- **What this task involves**:
The required output is an exact copy of the lines from the one containing "L★古着 フルーツオブザルーム ビンテージ" through the end of the entries below, with pictures removed.

#### Extracted information ####

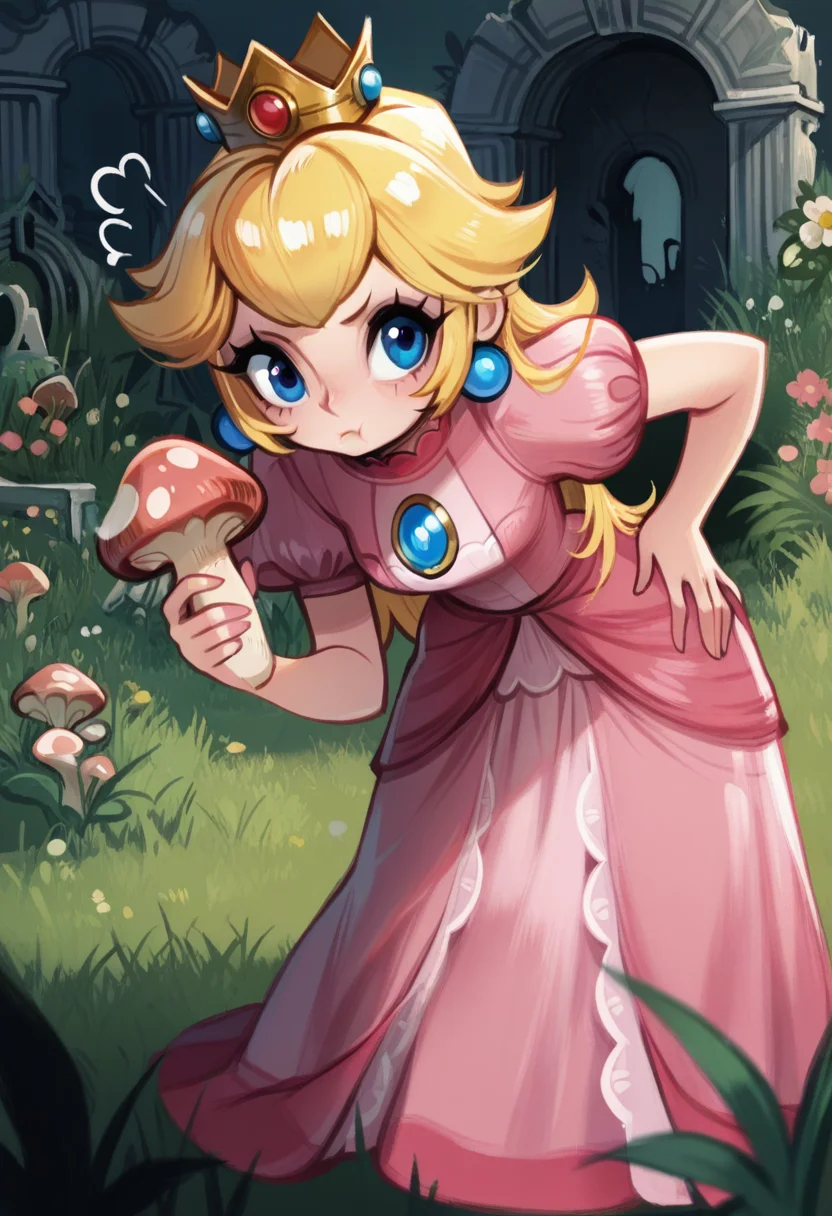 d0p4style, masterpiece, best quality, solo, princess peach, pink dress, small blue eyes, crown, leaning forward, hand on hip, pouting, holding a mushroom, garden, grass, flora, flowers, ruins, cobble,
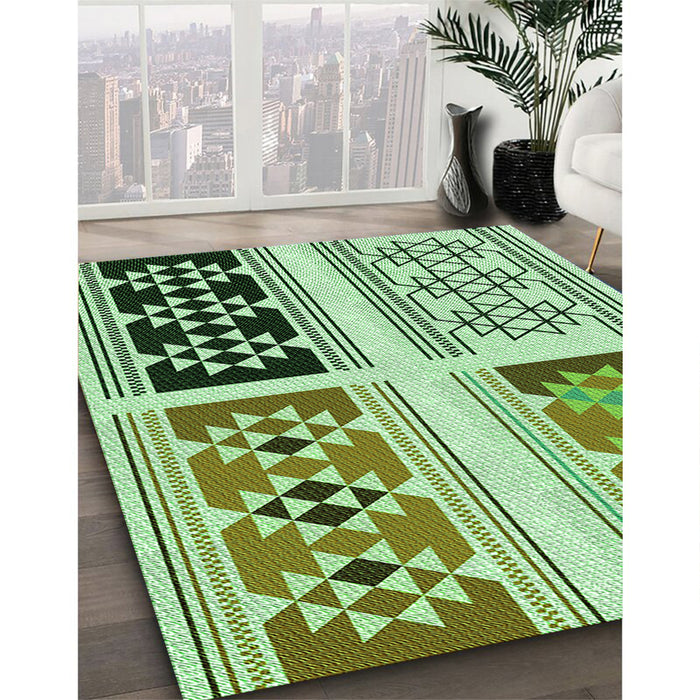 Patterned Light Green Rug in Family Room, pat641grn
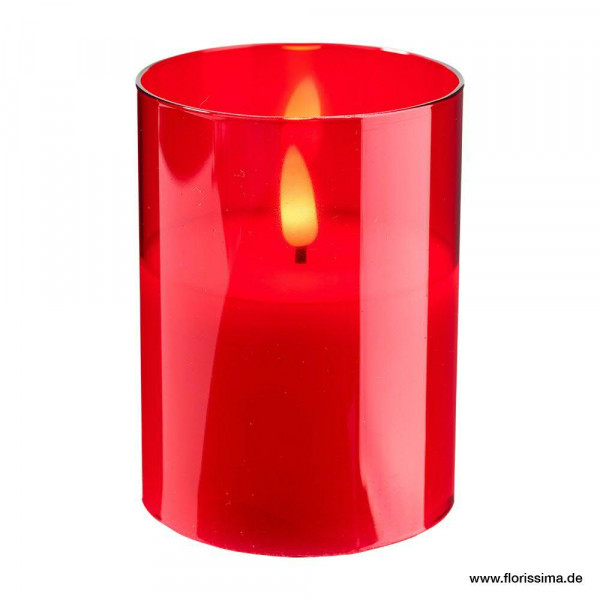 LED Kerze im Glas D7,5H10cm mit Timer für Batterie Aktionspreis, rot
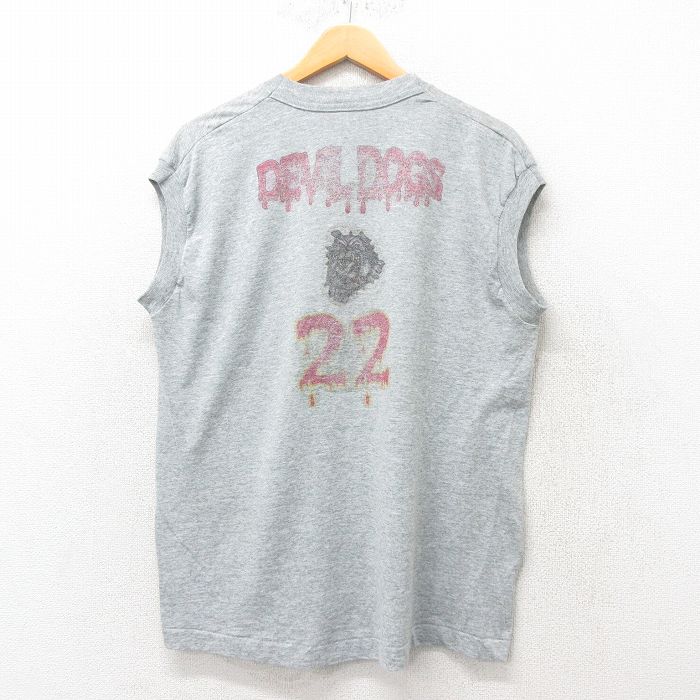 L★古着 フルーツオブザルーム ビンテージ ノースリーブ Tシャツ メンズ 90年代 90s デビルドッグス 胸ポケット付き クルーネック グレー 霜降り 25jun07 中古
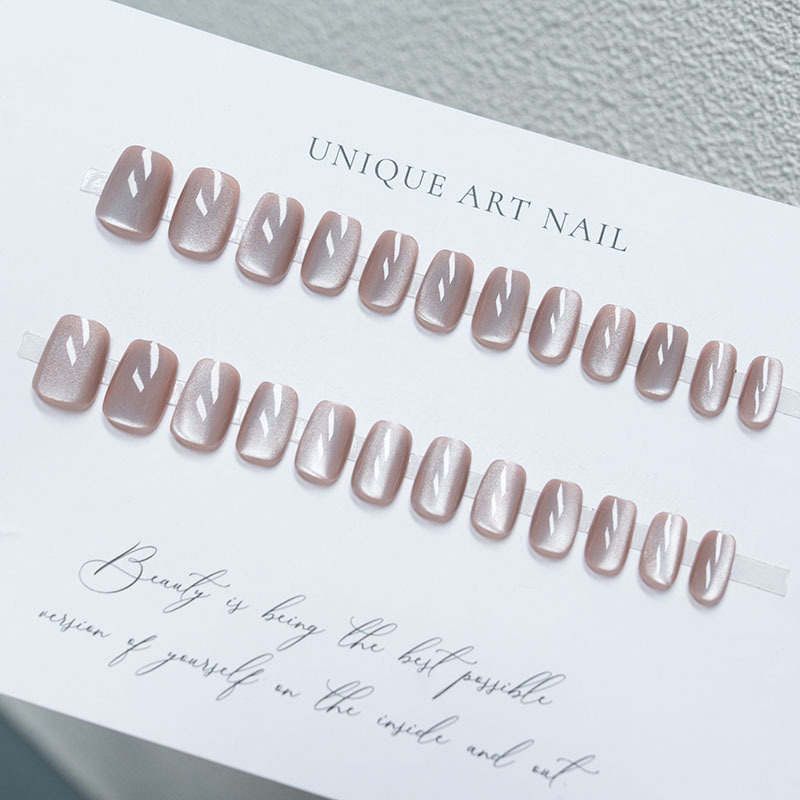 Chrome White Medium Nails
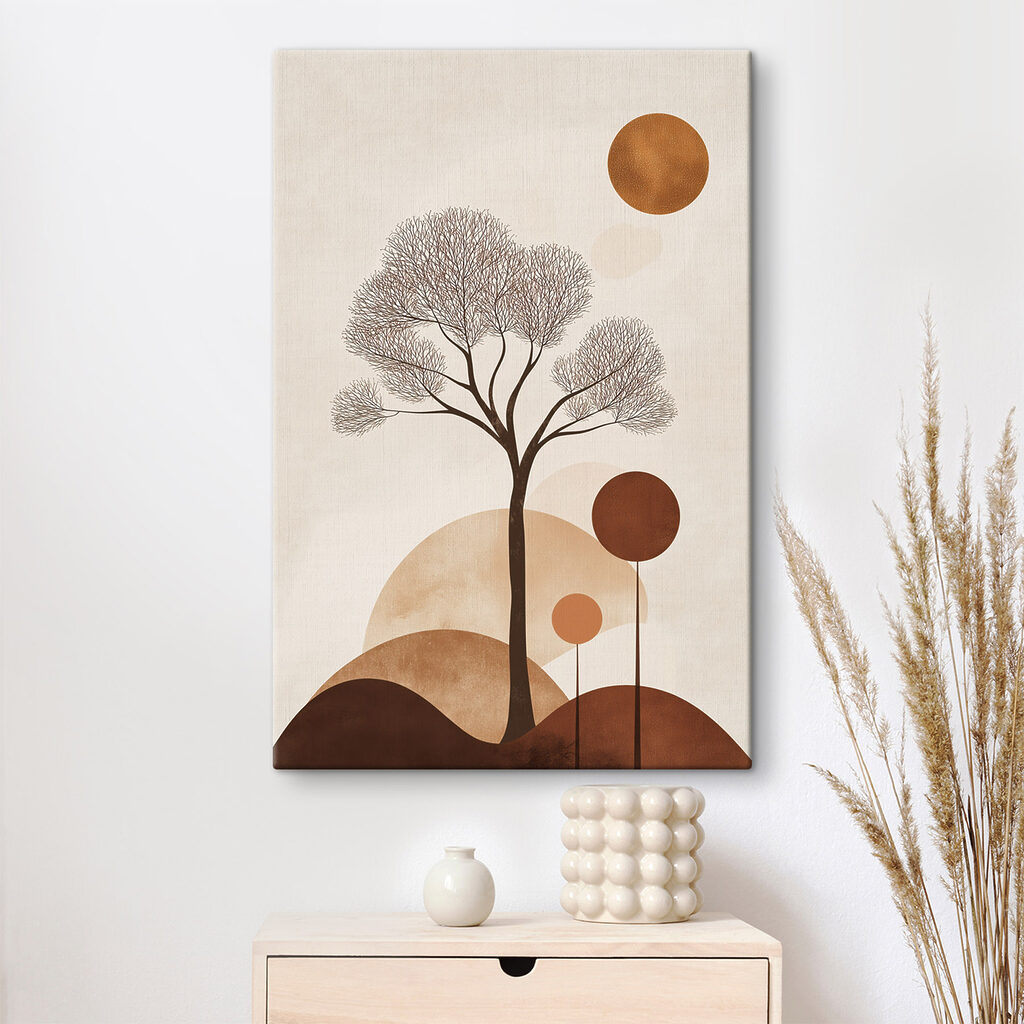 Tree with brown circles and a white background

####

- **Solution to this problem**:
 L★古着 フルーツオブザルーム ビンテージ ノースリーブ Tシャツ メンズ 90年代 90s デビルドッグス 胸ポケット付き クルーネック グレー 霜降り 25jun07 中古
 Chrome White Medium Nails
 Tree with brown circles and a white background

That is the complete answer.